WORK TO BE COMPLETED. The full listing, returned exactly and free of pictures, is the expected answer.
━━━ DATA BLOCK
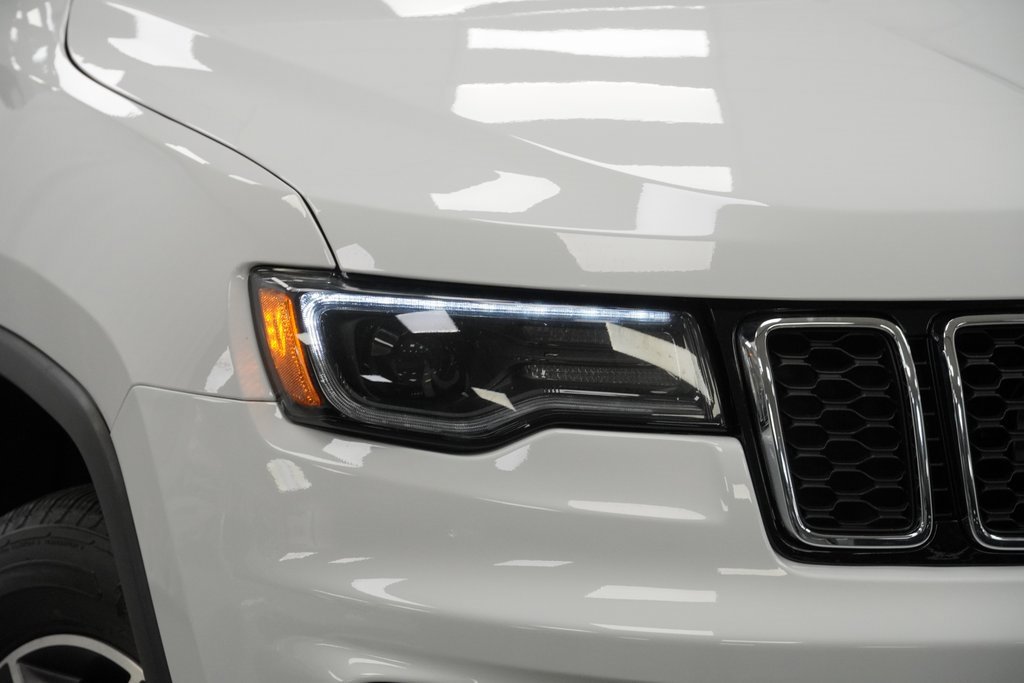 Certified 2022 Jeep Grand Cherokee Limited w/ Tech Group image 5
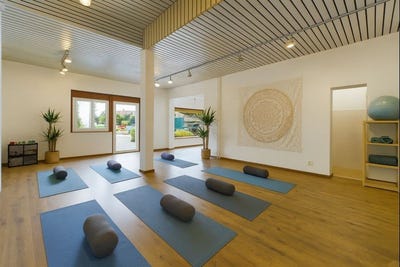 /international/ch/nyon-1196-gland-switzerland-gland-vaud-310107183880/
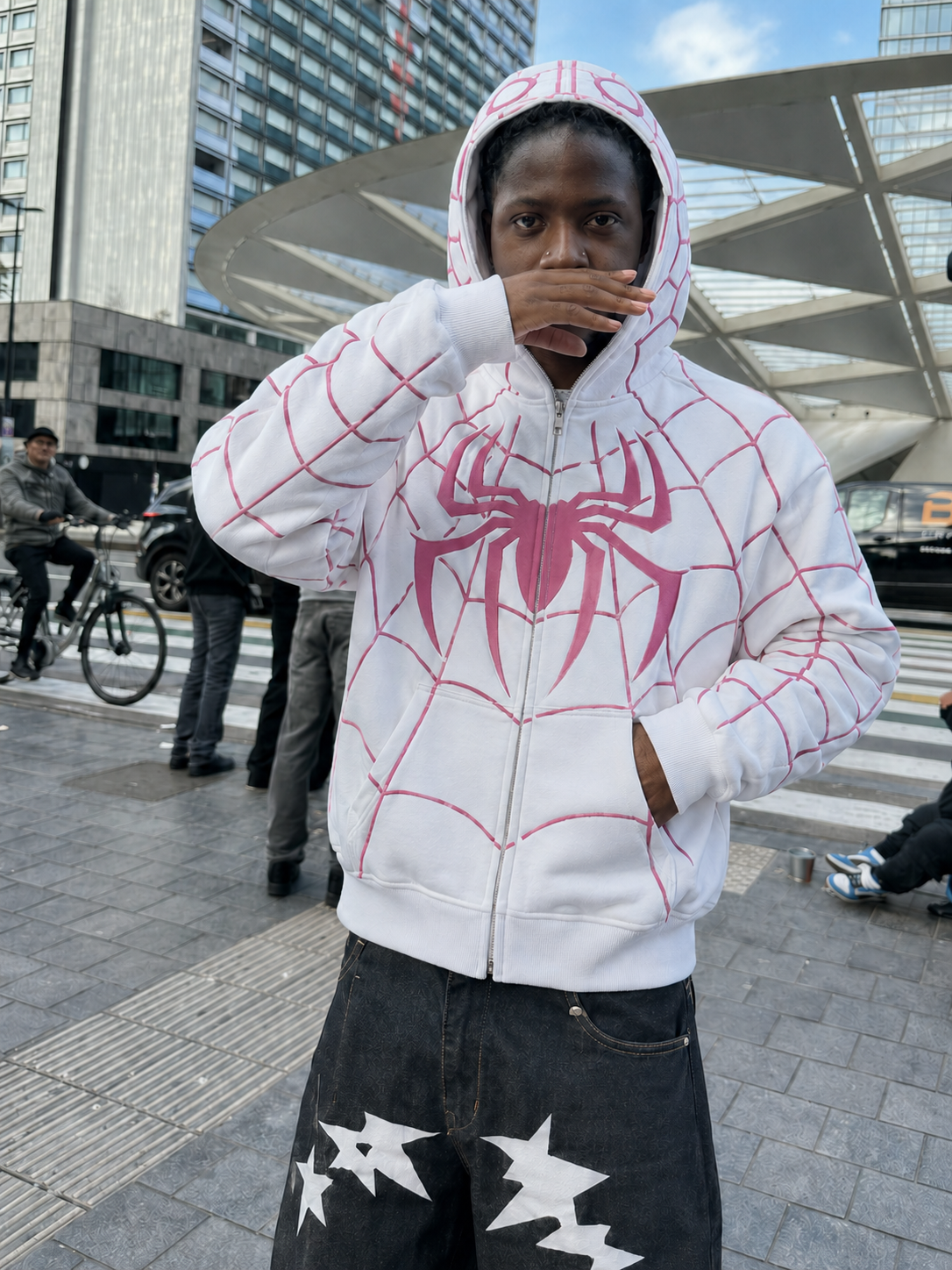 Full Zip Spiderman blanc rose porté streetwear urbain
━━━━━━
ANSWER TO THIS TASK.
 Certified 2022 Jeep Grand Cherokee Limited w/ Tech Group image 5
 /international/ch/nyon-1196-gland-switzerland-gland-vaud-310107183880/
 Full Zip Spiderman blanc rose porté streetwear urbain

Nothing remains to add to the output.